• [Required work]: Give the data below again exactly, and drop each picture from it.

------------

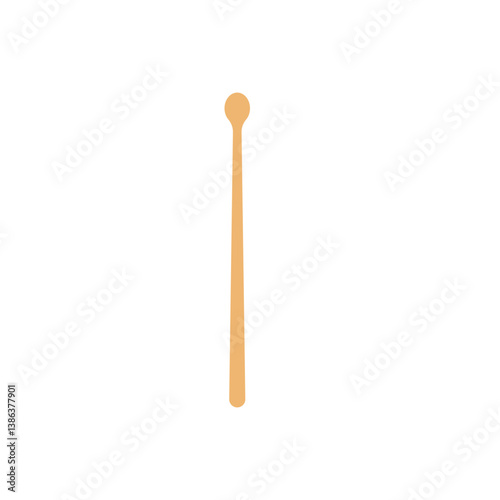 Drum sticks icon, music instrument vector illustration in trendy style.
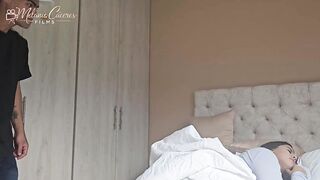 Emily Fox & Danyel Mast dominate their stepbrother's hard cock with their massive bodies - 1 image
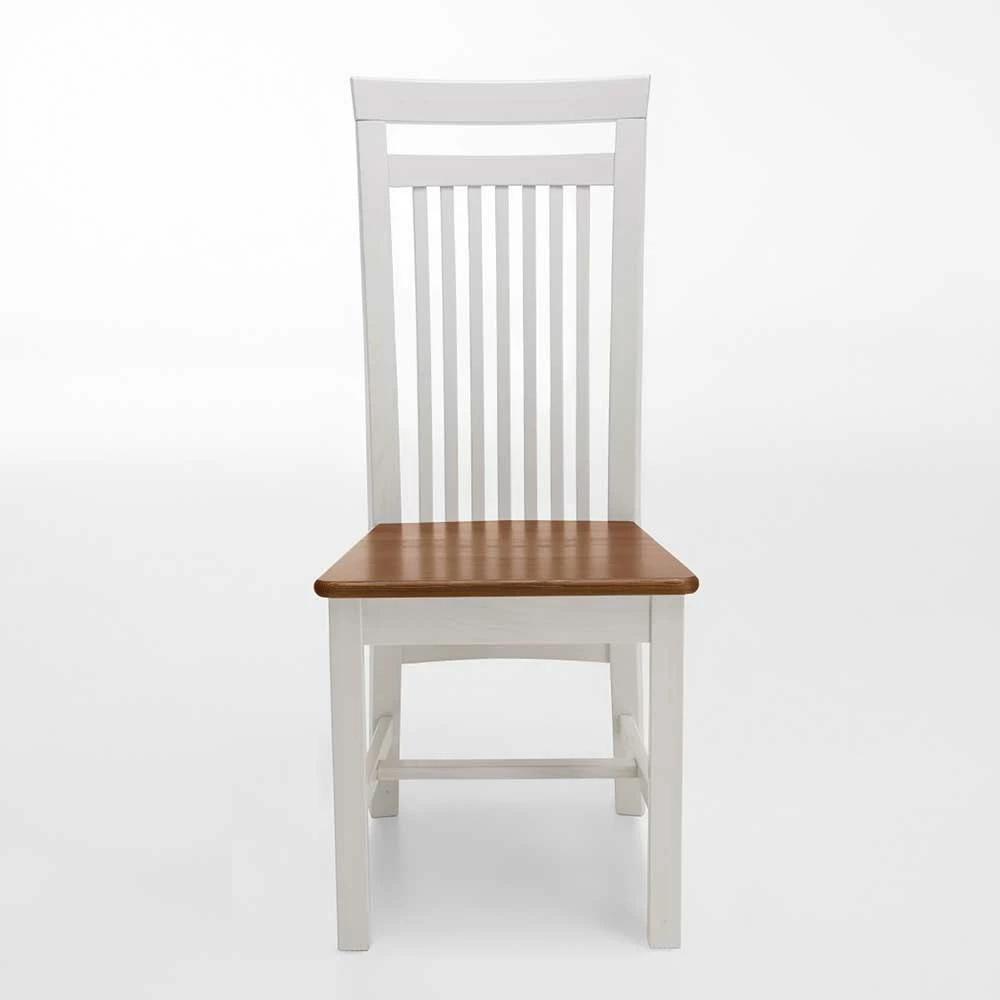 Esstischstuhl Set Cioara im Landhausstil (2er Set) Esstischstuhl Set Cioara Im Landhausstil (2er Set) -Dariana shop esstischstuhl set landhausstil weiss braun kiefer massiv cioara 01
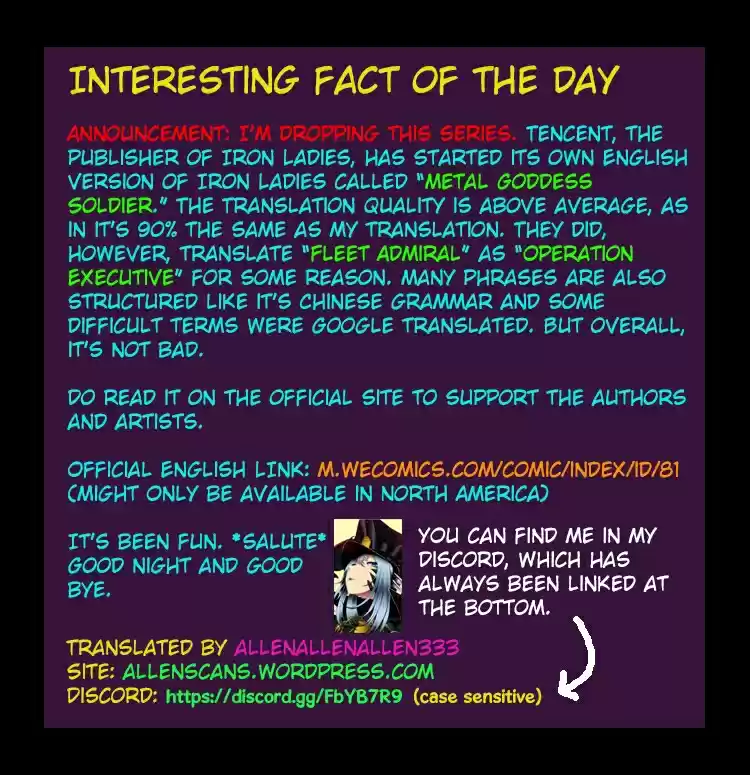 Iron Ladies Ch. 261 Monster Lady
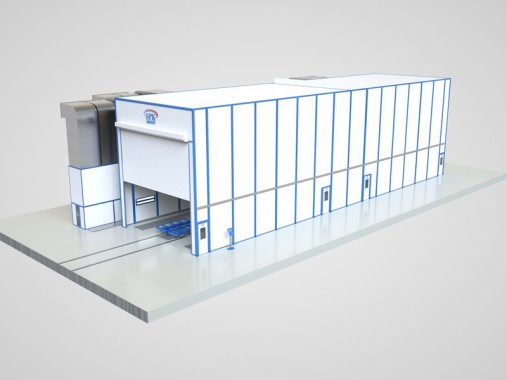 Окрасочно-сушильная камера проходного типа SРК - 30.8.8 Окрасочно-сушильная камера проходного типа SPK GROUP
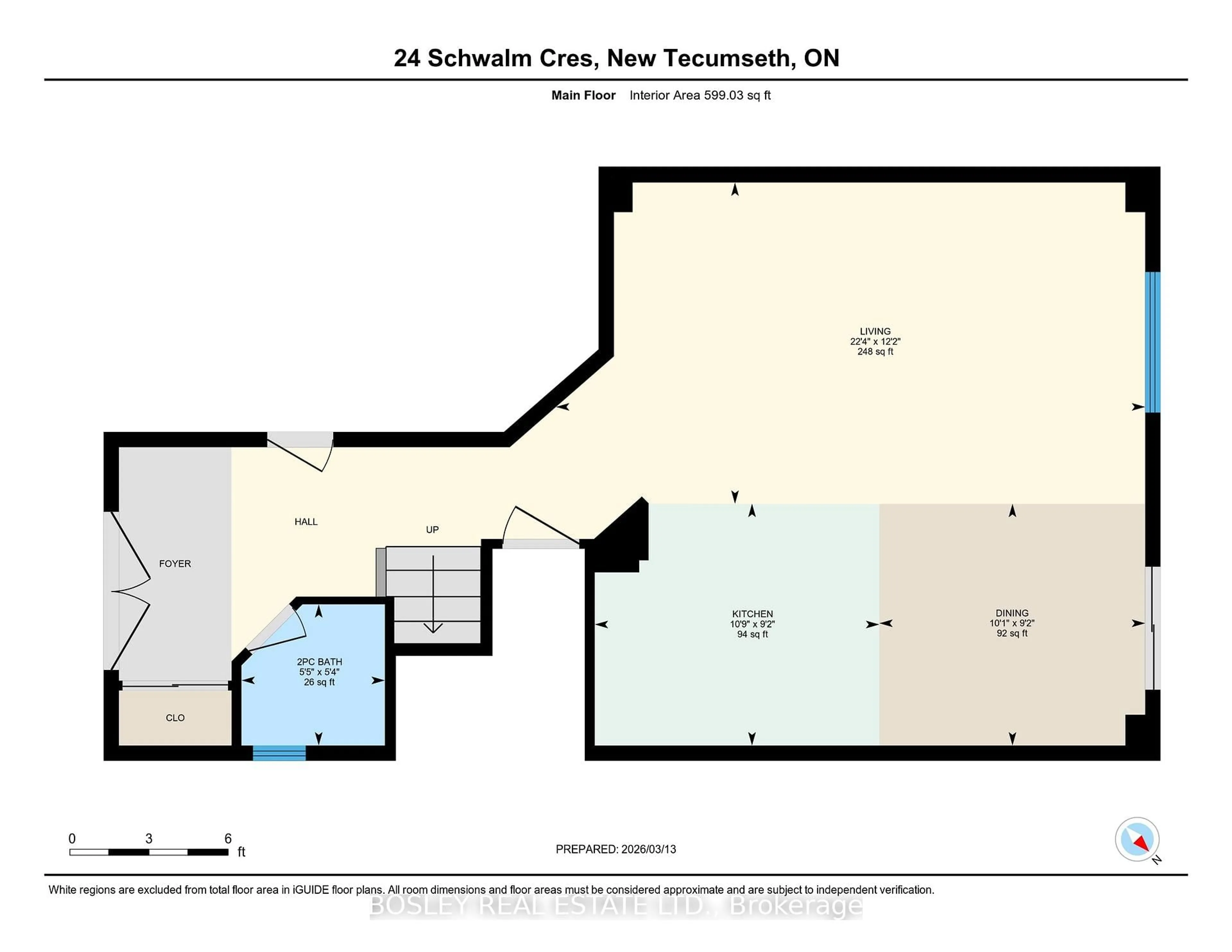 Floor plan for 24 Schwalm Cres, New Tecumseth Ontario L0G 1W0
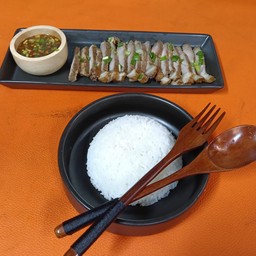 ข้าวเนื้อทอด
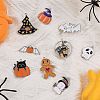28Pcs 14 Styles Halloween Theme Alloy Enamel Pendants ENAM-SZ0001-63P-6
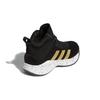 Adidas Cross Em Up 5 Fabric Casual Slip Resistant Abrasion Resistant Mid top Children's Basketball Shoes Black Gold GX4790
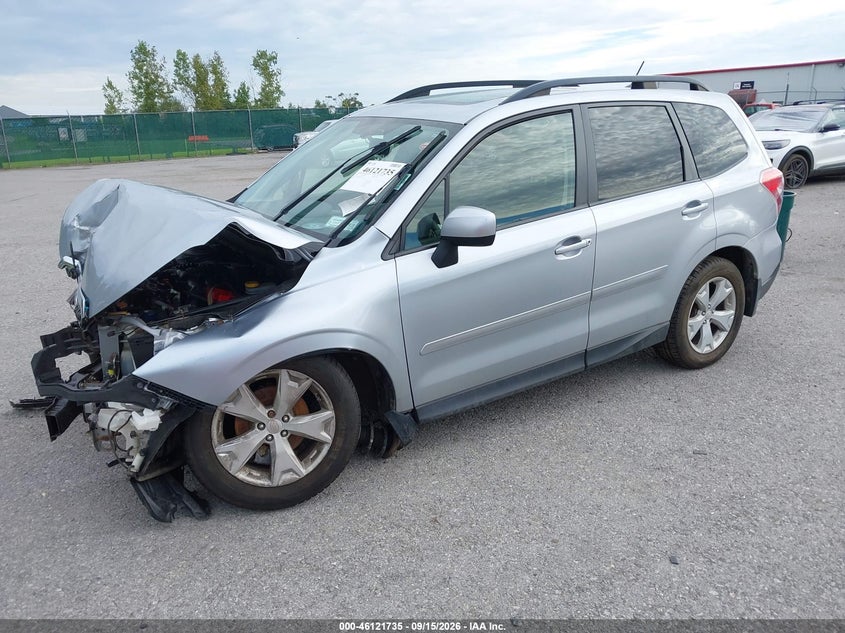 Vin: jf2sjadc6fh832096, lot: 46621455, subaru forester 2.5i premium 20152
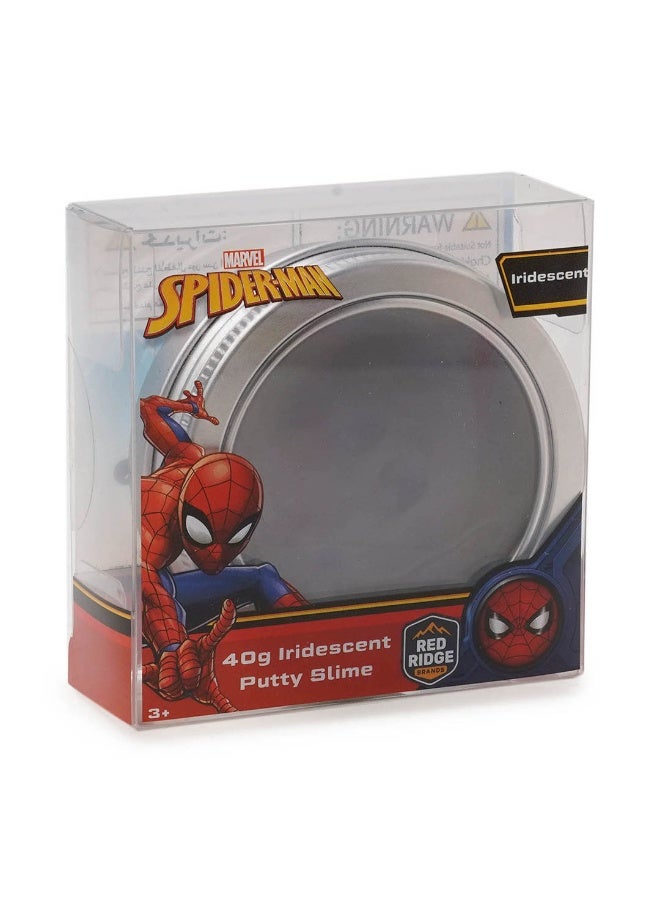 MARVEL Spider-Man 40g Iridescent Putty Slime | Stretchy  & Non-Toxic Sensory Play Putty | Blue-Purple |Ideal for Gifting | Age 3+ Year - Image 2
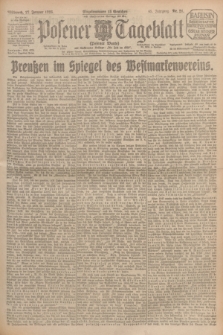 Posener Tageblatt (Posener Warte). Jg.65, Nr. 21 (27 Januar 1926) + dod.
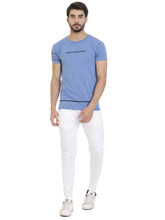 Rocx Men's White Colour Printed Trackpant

------------

• [The completed task]:
 Drum sticks icon, music instrument vector illustration in trendy style.
 Emily Fox & Danyel Mast dominate their stepbrother's hard cock with their massive bodies - 1 image
 Esstischstuhl Set Cioara im Landhausstil (2er Set) Esstischstuhl Set Cioara Im Landhausstil (2er Set) -Dariana shop esstischstuhl set landhausstil weiss braun kiefer massiv cioara 01
 Iron Ladies Ch. 261 Monster Lady
 Окрасочно-сушильная камера проходного типа SРК - 30.8.8 Окрасочно-сушильная камера проходного типа SPK GROUP
 Floor plan for 24 Schwalm Cres, New Tecumseth Ontario L0G 1W0
 ข้าวเนื้อทอด
28Pcs 14 Styles Halloween Theme Alloy Enamel Pendants ENAM-SZ0001-63P-6
 Adidas Cross Em Up 5 Fabric Casual Slip Resistant Abrasion Resistant Mid top Children's Basketball Shoes Black Gold GX4790
 Vin: jf2sjadc6fh832096, lot: 46621455, subaru forester 2.5i premium 20152
 MARVEL Spider-Man 40g Iridescent Putty Slime | Stretchy  & Non-Toxic Sensory Play Putty | Blue-Purple |Ideal for Gifting | Age 3+ Year - Image 2
 Posener Tageblatt (Posener Warte). Jg.65, Nr. 21 (27 Januar 1926) + dod.
 Rocx Men's White Colour Printed Trackpant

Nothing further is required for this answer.